PH.D DEFENCE - PUBLIC SEMINAR

Computational Methods for Reconstruction and Enhancement of Genome-Scale Metabolic Networks

Speaker
Mr Nguyen Nam Ninh
Advisor
Dr Leong Hon Wai, Associate Professor, School of Computing


07 Mar 2017 Tuesday, 02:00 PM to 03:00 PM

Executive Classroom, COM2-04-02

Abstract:

Metabolic network has many useful applications through systems biology and bioengineering. Such network of metabolic reactions can be reconstructed from genome. However, the reconstruction process is time consuming and intensively involves expert labour, yet producing incomplete networks with many gaps. This thesis aims to develop a computational pipeline to minimize time and manual effort for reconstructing high quality networks.

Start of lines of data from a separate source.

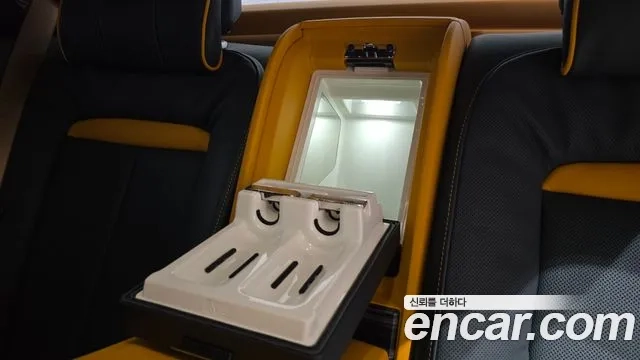 Rolls-Royce Ghost 2nd Generation id 2868903 из Кореи 7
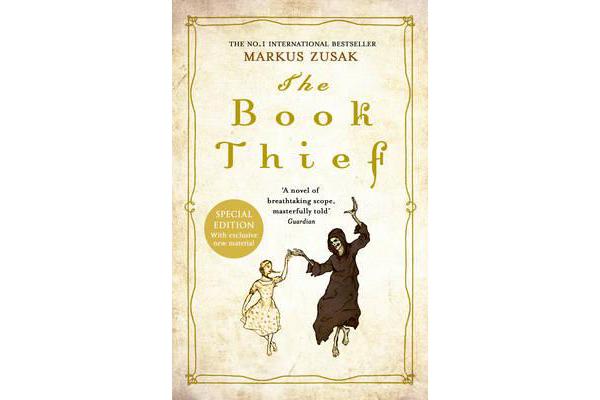 The Book Thief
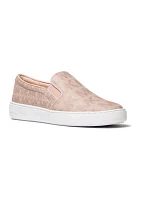 Keaton Slip On Sneakers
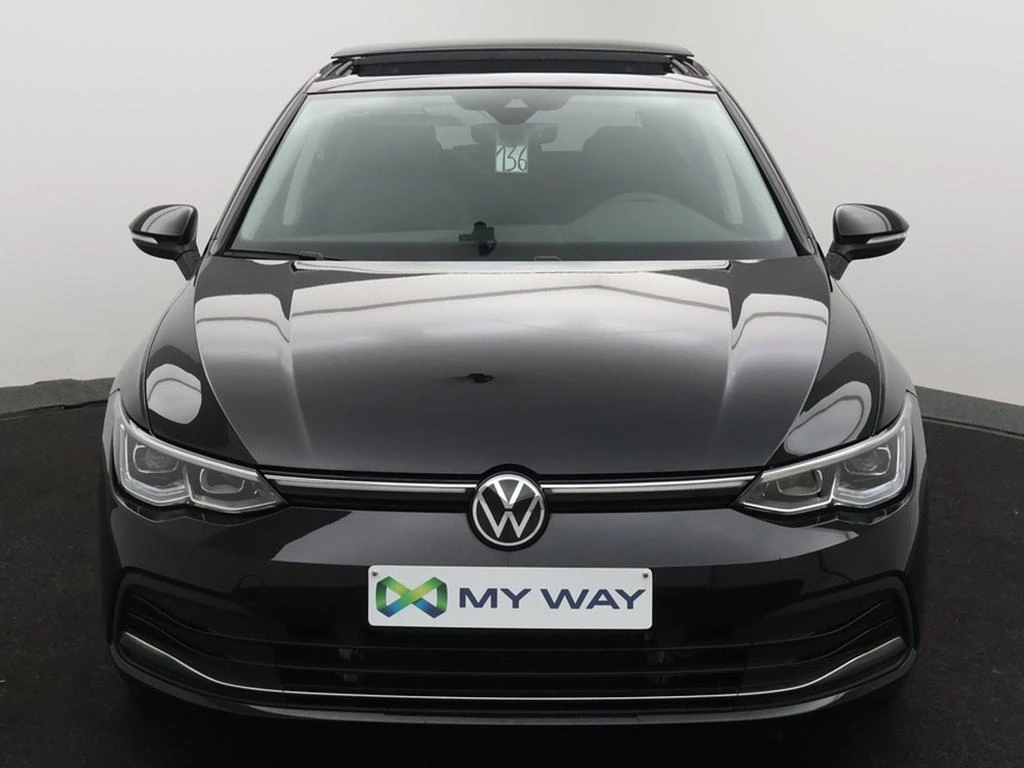 Volkswagen Golf VIII eHybrid Golf Style Business Premium 1.4TSI eHybrid PHEV 150PK *AUTOMAAT*PANODAK*ALCANTARA*CAMERA*PDC*ACC*NAVI*APP-CONNECT*...*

Three problems were addressed, namely, gap filling, enzyme annotation, and network assembly.

The first problem is to sufficiently fill the gaps that remain after a network has been reconstructed. Previous methods used enzyme families to find gap candidates; they failed for poorly characterized families. In our indirect approach, we relied on any relevant homolog, such that no potential candidate is missed. Multiple function predictors were retrofitted and integrated. This ensemble method MeGaFiller can putatively fill 35% of gaps in several networks that previous methods failed.

The second problem is to reliably annotate enzymes with high accuracy and coverage, thus minimizing network reconstruction errors for later steps. We developed a novel bottom up method, called EnzDP, based on protein functional domain composition and calibrated HMM profiles. EnzDP has a coverage of 4000+ substrate-specific enzymes. It achieved a 94% accuracy in solid 5-fold cross validation, and outperformed many other alternatives.

The third problem is to quickly build a connected network with minimum number of gaps from a given set of annotated enzymes. We showed that this problem is NP-Hard, and designed an approximation algorithm, called NetA. NetA predicts and then optimizes reference pathways by deleting non-evidence reactions while maintaining network connectivity. It was used to re-assemble a network for Aspergillus oryzae, which resulted in a network of 742 unique reactions in 119 pathways, in which 72.4% of reactions have enzyme genes identified.

From these methods, an automated pipeline can be achieved by running EnzDP to annotate enzymes, then using NetA to build a network and finally applying MeGaFiller to fill gaps.